I recently read a TED Book review on “Our Virtual Shadow” by Damon Brown. In this book Damon talks about how documenting our lives online can prevent us from actually living in the moment, i.e., we may update Facebook or tweet on Twitter about a special event that we are experiencing here and now, but by doing so we are significantly distracted from the moment and therefore we do not get the full experience that we otherwise would have done without social media providing a distraction. I think this is a very valid point, I have often said that very same thing! Sometimes after an event I look back and wish that I had not used social media to ‘document’ the occurrence because I feel like it made me miss out on some of the experience.
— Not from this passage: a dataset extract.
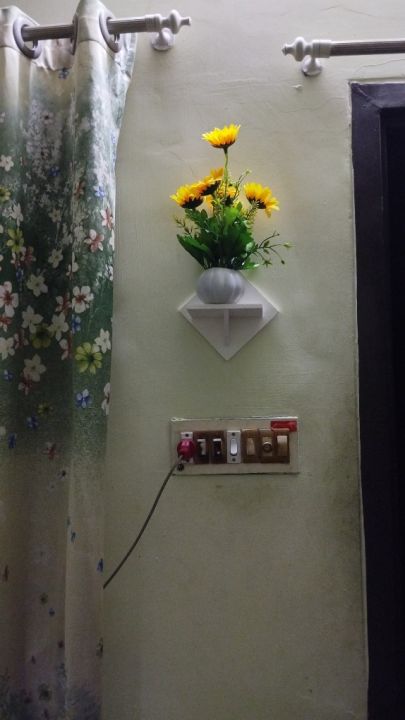 2%20Pcs%20Wall%20Hanging%20Kite%20Flower%20Stand%20.%20Self%20Adhesive%20Punch%20Free%20Wall%20Decorative%20Showpiece%20Holder%20Only%20.%20Only%20square%20Shape%20Stand%20Without%20Flower%20&%20showpiece.%20-%20Image%204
I sometimes find the same when it comes to taking photographs, as a keen amateur photographer, I often want to photograph everything that I deem to be special – however on several occasions this has made me feel like I was not present in the moment. Being on the other side of the lens is similar to updating social media, it creates a distance between us and the event. Take for example, firework displays. Although a great photo opportunity, I have came to the conclusion that I will no longer use my camera at these events as inevitably I reach the end of the display feeling like I missed out on the atmosphere.
You can imagine how devastating this would be for someone who has documented something really special on social media instead of staying present in the moment, for example, imagine your child is taking their first wobbly steps. Now imagine you try to video this and post it to Facebook to share your joy with your friends. Is it really worth it? Would it not be much better to stay ‘present’ and savour the moment without the distraction of technology?
Of course, as always there is a trade off involved. We all like to have photographs or other mementos that remind us of special occasions and events. I’m sure many parents would like a video of their child’s first steps. So it is up to us to decide where to draw the line. It is up to you to decide at what point you will use technology to complement your experiences and memories, and at what point you decide that it is stopping you from living in the moment.
Sometimes an occasion is to be lived and experienced with the people who are present and not everyone else on the other side of a computer screen.